Meminjam perkataan Imam al-Ghazali dalam kitabnya Kimiya’ al-Sa’adah, beliau merumuskan bahwa kunci kebahagiaan sejati ada empat, diantaranya adalah mengenal diri. Yang dimaksud mengenal diri disini bukanlah upaya pengenalan diri secara fisik dan material (seperti berapa ukuran sepatu, ukuran baju, ukuran barang-barang lain yang digunakan) melainkan bagaimana upaya pengenalan diri secara batin. Artinya, pengenalan batin itu didapat melalui perenungan untuk menemukan jawaban atas pertanyaan-pertanyaan pokok dan mendasar; “siapa aku? Dari mana asalku? Kemana aku pergi? Dan apa tujuan hidupku?”. Di sini kita diantarkan untuk memilah, mana yang bersifat hakiki dalam diri kita dan mana yang tidak. Sehingga dengan demikian, rasio yang digunakan akan mampu membedakan mana manusia yang sebenarnya dan mana yang bukan manusia. Manusia sebagai eksitensi di muka bumi akan mencapai hakikat apabila esensi dibentuk oleh eksitensi. Artinya, eksitensi mendahului esensi karena esensi itu akan dibentuk oleh eksitensi manusia sebagaimana eksitensi manusia dalam mewujudkan nilai-nilai kemanusiaan di muka bumi yang melekat di dalam hati nurani.

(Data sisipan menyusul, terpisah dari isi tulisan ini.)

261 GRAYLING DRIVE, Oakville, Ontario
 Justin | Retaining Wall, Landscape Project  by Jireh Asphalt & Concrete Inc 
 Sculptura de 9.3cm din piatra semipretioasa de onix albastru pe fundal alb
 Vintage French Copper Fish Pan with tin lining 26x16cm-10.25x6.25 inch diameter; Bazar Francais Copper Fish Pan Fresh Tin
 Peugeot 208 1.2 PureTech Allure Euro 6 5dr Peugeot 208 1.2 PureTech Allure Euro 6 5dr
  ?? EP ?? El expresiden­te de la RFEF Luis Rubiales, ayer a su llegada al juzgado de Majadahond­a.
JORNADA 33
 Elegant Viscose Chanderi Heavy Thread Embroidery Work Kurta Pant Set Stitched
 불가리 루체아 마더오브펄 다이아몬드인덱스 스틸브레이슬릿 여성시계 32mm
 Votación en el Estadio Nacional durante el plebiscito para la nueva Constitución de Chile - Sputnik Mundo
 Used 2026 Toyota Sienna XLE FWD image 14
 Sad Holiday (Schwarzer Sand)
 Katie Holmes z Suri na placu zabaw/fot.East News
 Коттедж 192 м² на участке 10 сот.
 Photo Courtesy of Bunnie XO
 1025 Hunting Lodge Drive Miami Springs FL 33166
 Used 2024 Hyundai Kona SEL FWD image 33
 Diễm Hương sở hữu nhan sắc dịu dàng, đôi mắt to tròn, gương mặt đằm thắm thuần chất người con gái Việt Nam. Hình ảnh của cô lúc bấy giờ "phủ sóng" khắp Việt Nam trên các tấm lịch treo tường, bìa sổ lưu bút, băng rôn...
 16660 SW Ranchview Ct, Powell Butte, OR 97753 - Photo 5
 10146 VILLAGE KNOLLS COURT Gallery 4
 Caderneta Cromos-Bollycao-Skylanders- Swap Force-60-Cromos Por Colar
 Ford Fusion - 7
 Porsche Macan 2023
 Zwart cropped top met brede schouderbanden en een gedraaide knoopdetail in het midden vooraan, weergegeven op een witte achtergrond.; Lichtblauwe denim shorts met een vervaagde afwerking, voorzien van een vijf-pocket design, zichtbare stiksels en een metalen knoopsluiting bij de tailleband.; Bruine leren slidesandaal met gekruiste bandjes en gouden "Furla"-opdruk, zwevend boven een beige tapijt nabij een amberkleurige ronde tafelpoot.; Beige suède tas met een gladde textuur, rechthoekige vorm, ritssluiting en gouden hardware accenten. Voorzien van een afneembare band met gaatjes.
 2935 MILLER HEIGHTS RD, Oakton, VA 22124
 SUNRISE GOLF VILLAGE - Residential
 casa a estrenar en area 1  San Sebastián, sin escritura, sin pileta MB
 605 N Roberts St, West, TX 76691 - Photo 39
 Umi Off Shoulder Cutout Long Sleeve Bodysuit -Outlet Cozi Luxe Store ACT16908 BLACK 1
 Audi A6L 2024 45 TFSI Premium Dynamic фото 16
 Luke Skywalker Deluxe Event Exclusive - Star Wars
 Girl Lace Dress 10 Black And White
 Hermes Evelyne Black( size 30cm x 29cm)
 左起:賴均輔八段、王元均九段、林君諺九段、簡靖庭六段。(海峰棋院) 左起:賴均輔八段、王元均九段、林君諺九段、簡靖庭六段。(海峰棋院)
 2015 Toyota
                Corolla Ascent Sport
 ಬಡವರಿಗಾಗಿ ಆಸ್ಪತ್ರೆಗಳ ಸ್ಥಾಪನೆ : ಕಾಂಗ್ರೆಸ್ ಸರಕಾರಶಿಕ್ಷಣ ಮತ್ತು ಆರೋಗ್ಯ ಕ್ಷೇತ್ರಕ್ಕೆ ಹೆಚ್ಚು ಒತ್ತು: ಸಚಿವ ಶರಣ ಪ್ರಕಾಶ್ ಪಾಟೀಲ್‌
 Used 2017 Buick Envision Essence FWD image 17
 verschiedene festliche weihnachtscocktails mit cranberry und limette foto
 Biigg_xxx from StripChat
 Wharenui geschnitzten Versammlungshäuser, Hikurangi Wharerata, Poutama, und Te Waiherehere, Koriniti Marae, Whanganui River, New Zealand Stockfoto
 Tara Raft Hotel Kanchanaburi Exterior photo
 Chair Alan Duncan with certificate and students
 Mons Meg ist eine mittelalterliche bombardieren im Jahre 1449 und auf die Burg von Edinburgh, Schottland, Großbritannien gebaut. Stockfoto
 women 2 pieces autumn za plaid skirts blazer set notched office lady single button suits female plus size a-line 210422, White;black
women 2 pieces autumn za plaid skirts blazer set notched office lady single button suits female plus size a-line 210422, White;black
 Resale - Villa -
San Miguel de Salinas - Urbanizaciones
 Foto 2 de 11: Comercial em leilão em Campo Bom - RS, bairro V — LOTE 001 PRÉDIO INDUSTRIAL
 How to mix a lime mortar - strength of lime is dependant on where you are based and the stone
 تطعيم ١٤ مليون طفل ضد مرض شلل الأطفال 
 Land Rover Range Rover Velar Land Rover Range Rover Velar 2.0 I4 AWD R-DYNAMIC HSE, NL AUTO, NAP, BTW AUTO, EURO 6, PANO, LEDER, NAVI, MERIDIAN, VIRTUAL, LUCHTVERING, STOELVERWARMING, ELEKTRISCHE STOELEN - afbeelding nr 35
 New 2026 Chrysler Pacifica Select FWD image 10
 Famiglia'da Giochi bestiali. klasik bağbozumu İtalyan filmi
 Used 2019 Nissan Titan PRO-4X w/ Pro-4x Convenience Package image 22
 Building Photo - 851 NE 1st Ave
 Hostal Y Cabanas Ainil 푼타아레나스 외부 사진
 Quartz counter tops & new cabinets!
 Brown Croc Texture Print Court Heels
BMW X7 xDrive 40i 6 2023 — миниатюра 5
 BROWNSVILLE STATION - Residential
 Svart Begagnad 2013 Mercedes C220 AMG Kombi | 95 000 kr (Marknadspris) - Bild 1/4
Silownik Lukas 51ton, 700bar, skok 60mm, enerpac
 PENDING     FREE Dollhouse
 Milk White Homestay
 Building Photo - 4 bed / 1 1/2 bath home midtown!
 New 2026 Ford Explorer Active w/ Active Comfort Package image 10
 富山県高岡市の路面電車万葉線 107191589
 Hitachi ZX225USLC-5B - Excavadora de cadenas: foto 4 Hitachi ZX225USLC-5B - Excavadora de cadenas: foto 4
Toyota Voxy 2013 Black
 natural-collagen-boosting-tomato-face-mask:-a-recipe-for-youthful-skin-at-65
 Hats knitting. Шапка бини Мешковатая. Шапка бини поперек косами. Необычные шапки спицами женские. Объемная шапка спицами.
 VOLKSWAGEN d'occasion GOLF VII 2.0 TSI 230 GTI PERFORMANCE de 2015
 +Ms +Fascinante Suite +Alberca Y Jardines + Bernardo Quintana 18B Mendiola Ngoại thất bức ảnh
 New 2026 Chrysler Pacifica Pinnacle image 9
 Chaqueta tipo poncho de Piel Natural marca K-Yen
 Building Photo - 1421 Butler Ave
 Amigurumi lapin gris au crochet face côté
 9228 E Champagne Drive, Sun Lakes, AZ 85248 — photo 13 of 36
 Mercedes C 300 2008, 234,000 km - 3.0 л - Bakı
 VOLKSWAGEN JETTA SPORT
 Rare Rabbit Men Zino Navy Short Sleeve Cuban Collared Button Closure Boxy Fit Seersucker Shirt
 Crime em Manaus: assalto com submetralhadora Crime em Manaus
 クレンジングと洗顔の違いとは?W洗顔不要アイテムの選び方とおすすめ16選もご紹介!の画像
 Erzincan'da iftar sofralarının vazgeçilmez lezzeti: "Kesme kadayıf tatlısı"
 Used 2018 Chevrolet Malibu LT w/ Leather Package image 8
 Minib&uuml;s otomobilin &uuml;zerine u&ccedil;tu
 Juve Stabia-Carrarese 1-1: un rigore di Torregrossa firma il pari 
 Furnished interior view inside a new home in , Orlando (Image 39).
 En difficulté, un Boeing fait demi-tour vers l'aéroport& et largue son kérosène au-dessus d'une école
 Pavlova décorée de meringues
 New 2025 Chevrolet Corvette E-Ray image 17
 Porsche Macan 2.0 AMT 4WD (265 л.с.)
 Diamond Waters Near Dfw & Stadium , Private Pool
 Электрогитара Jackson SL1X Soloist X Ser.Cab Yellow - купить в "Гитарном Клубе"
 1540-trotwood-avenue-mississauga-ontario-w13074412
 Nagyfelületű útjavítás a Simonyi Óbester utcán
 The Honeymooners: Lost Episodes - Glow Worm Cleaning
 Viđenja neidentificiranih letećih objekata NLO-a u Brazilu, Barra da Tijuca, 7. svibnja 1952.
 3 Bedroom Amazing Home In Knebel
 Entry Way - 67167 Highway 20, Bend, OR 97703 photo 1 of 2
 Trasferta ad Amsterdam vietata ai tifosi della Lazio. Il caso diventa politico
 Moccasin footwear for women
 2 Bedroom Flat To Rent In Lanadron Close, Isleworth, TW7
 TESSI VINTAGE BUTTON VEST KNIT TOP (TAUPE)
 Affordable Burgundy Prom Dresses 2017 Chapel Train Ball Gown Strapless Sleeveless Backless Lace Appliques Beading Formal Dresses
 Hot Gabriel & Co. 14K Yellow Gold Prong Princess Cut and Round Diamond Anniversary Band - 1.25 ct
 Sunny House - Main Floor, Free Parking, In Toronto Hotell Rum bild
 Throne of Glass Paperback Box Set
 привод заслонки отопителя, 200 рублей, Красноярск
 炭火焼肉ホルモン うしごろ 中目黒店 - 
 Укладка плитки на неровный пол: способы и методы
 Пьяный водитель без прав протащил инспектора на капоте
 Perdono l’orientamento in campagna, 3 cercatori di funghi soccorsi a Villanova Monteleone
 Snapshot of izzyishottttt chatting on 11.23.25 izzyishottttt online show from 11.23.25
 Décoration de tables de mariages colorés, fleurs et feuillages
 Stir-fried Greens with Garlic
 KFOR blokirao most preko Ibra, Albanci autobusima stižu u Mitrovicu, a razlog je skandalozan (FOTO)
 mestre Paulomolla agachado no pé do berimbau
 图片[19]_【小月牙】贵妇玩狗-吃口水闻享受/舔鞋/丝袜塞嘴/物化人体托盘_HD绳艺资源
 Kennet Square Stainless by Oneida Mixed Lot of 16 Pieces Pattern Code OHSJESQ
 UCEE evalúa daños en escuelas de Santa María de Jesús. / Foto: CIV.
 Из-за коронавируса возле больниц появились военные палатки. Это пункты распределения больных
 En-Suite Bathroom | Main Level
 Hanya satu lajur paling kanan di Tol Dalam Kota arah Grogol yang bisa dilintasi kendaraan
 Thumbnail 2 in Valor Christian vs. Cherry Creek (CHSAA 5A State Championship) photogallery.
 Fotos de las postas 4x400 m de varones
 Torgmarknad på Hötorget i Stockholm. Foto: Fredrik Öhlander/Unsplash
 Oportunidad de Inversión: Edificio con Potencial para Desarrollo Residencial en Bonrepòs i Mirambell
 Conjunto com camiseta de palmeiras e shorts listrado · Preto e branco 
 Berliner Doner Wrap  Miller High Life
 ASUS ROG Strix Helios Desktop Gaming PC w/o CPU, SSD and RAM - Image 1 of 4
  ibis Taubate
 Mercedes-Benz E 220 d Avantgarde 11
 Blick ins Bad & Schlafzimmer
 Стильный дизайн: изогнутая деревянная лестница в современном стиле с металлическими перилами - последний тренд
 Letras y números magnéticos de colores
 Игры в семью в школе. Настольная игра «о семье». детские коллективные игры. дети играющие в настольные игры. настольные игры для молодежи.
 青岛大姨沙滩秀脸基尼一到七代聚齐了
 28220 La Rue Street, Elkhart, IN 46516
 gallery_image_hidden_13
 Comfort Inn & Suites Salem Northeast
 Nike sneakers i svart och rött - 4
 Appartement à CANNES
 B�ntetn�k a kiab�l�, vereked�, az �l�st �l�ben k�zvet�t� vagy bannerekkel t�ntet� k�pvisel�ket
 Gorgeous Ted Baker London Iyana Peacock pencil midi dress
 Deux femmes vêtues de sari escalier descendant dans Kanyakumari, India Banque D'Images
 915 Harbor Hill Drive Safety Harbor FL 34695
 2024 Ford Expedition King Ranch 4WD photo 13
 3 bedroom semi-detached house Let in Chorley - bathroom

Sebagai makhluk pancaran dari Tuhan, maka dengan sendirinya esensi manusia akan terbentuk sebagai manusia yang ber-eksitensi secara tunggal di muka bumi. Maka disinilah peran agama menjadi kebutuhan manusia, menjadi titik sentral dalam menopang humanisme dalam kehidupan sebagai wujud manusia akan ke-khalifahannya. Gus Dur pernah mengatakan “peran agama yang sesungguhnya adalah membuat orang sadar akan fakta, bahwa dirinya merupakan bagian dari anggota umat manusia, dan bagian dari alam semesta”. Dengan beragama, akan membuat manusia sadar bahwa dirinya adalah manusia. Oleh karena itu, coba bayangkan apabila manusia tidak mengikuti ajaran agama akan seperti apa? Tentu mereka dan kita semua akan lupa diri, atau bahkan kehilangan diri. Apabila manusia lupa hingga kehilangan diri sendiri, maka ia akan merusak kemanusiaannya di muka bumi dengan bertindak sebagaimana layaknya manusia yang tidak berakal dengan merugikan orang-orang lain seperti tindakan korupsi, mencuri, membunuh, dan lain sebagainya. 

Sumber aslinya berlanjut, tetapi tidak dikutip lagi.